One-third (33%) of U.S. consumers said they are very or somewhat likely to try using ad-blocking software in the next three months, according to a new survey by Digital Content Next, previously known as the Online Publishers Association.
Even allowing a substantial discount on these figures, DCN still estimates that around one in ten Americans (9%) will actually end up using ad-blocking software in the next three months. Given the limited time frame and growing public awareness of ad-blocking software as an option, it’s plausible to imagine that proportion increasing rapidly over the next year or so.
On that note, the DCN also pointed to new threats that could accelerate adoption of ad-blocking software, including enterprise-level installation of ad blockers (for example to improve network speeds or security), or carriers that offer ad blocking as a competitive feature to woo consumers.
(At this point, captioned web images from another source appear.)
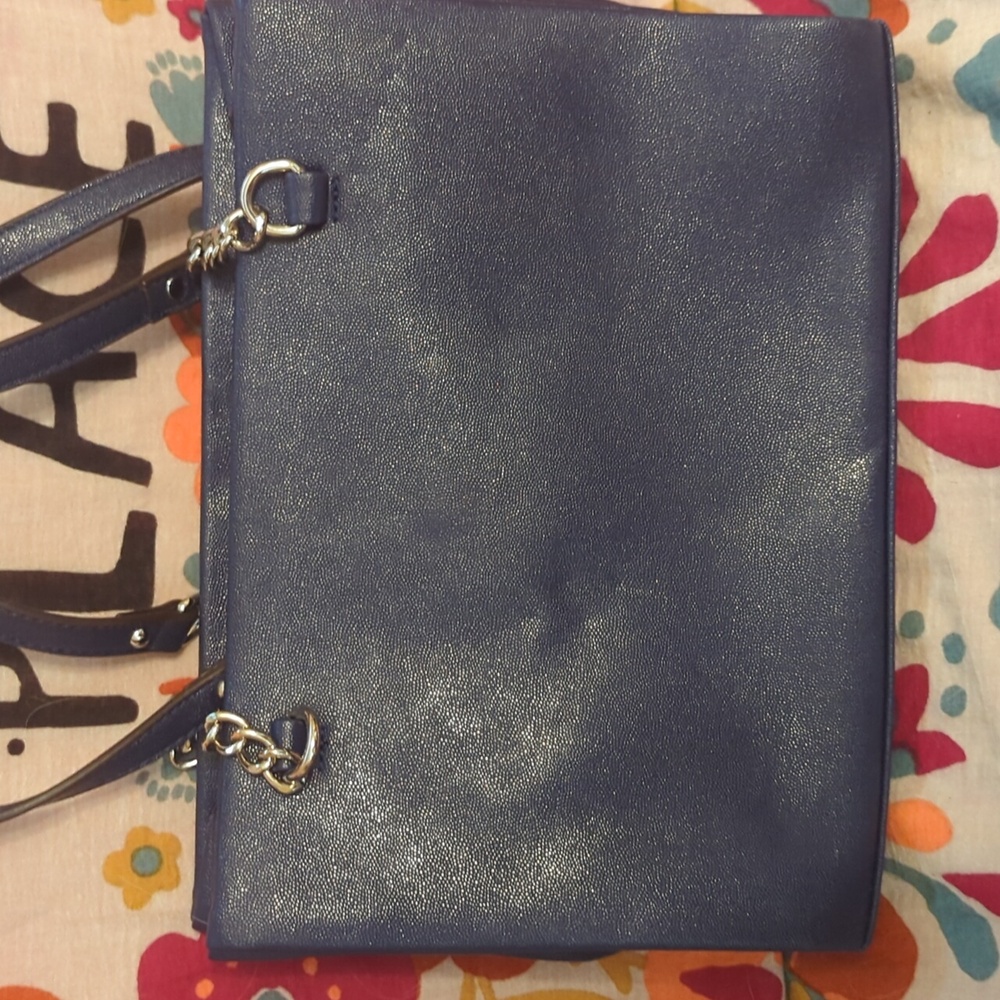 Anne Klein navy purse - Picture 4 of 8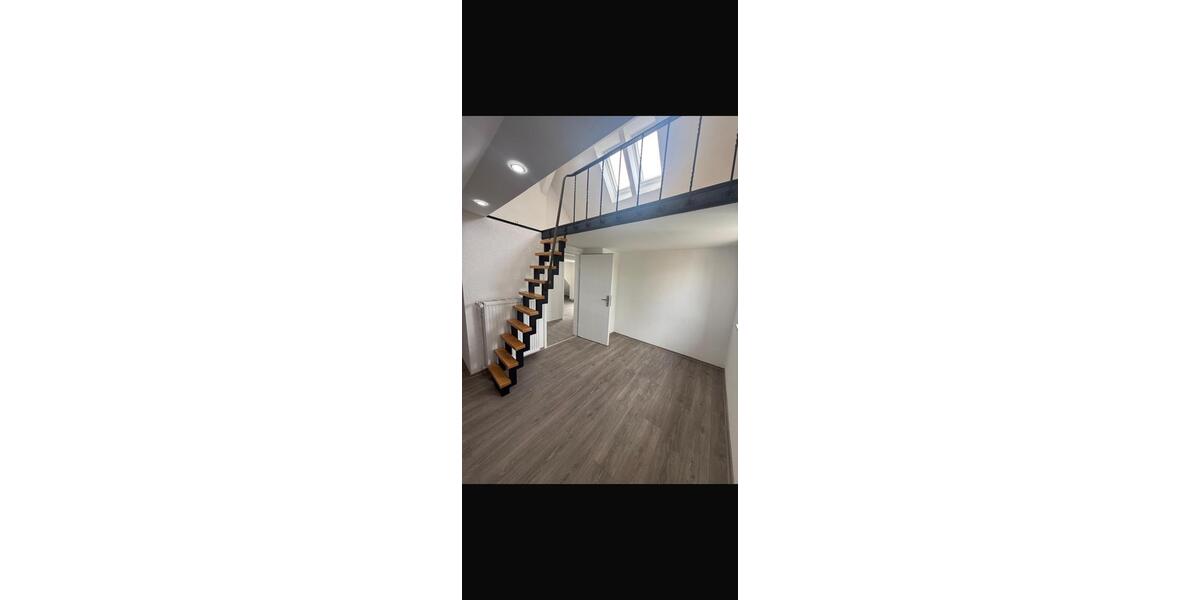 Etagenwohnung Duisburg Rheinhausen - 5 Zimmer, 180 m&sup2;, 1.300&euro; | Angebot:26516432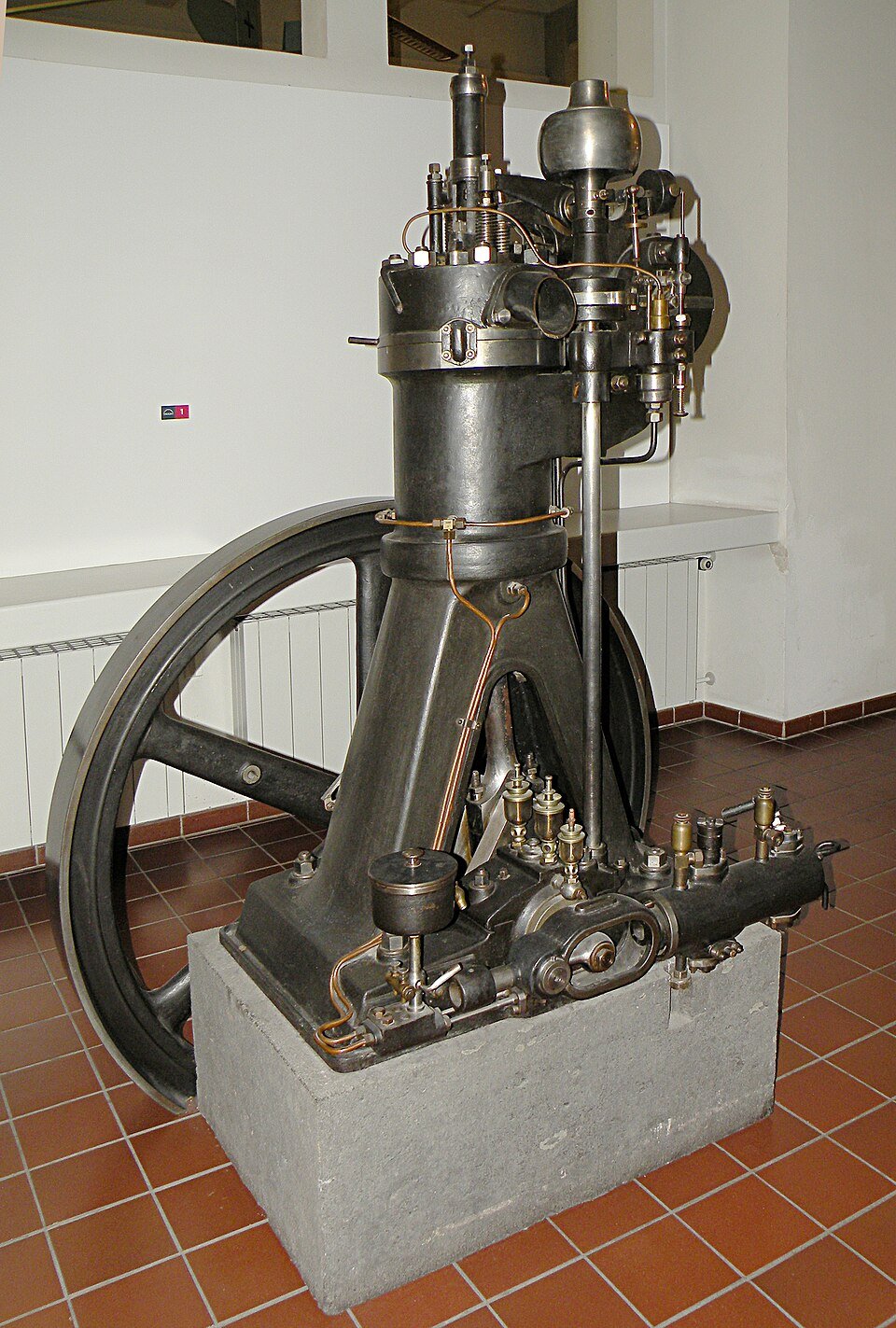 Первый двигатель Рудольфа Дизеля, 1897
Addressing consumer attitudes toward advertising, the DCN study also found that 70% of respondents said they dislike ads that expand over content or automatically begin playing with sound. Separately, 68% said they were concerned about ads tracking their online behavior, and 57% said that ads were causing their Web pages to load too slowly.
DCN CEO Jason Kint stated: “On a scale of one to 10, my concern is at a level eight or nine -- our industry has ignored consumer concerns and now these same consumers are speaking up by installing ad-blocking software. We need leaders across the industry to focus on providing better experiences, transparency and controls that will solve this issue.”
In a separate report released earlier this year, PageFair predicted that ad blockers could cost publishers around $22 billion in lost advertising revenues globally this year, adding that the figure is set to go up as adoption of ad blockers becomes more widespread.
One out of Three is too kind. Its Bigger than that.
ONLY one out of three? Probalby only because not enough Americans know about them yet.
And look at the "solution" that is proposed--- "We need leaders across the country to focus on providing better experiences, transparency and controls that will solve this issue". That really nails it---right?
The only way to resolve this issue is for digital ad sellers to organize the ways ads are positionned so as not to be so disruptive of the users' access to editorial content. And, secondly, they must limit the amount of ad clutter to manageable levels.
How can this be done. In my view the ads should be concentrated in distinct breaks in between clearly defined and distinct sequences of editorial content---just like TV and radio. That way, those who want to see the ads can do so and those who dont can simply take a short break from their PC, smartphone or tablet, or switch to some other publishers website, then return for another uininterrupted content segment. This way, ad recall and other indicators of ad impact will probably increase---just as happens with short, uncluttered TV ad breaks---which, in turn will enable publishers to charge more for such ads. The alternative is to continue with the chaotic situation until, as Leonard's comment suggests, you have so many angry users blocking ads that advertisers---especially those of the branding variety---give up on digital entirely.
The carriers will force change on the advertising and publishing communities.
People own the 'pipes' and 'reservoirs' (backhaul) of mobile connectivity can also build dams.
And in the case of people like John C Malone, they can afford to play hard ball here.
This is exactly why I predict that 2016 will be the year of "Permission Marketing at Scale". Why don't we simply ask viewers before they leave a site to opt-in to future marcom content based on criteria they set. Major e-tailers started this trend this year, and many others are getting on board next year. Brands, agencies and media companies should follow.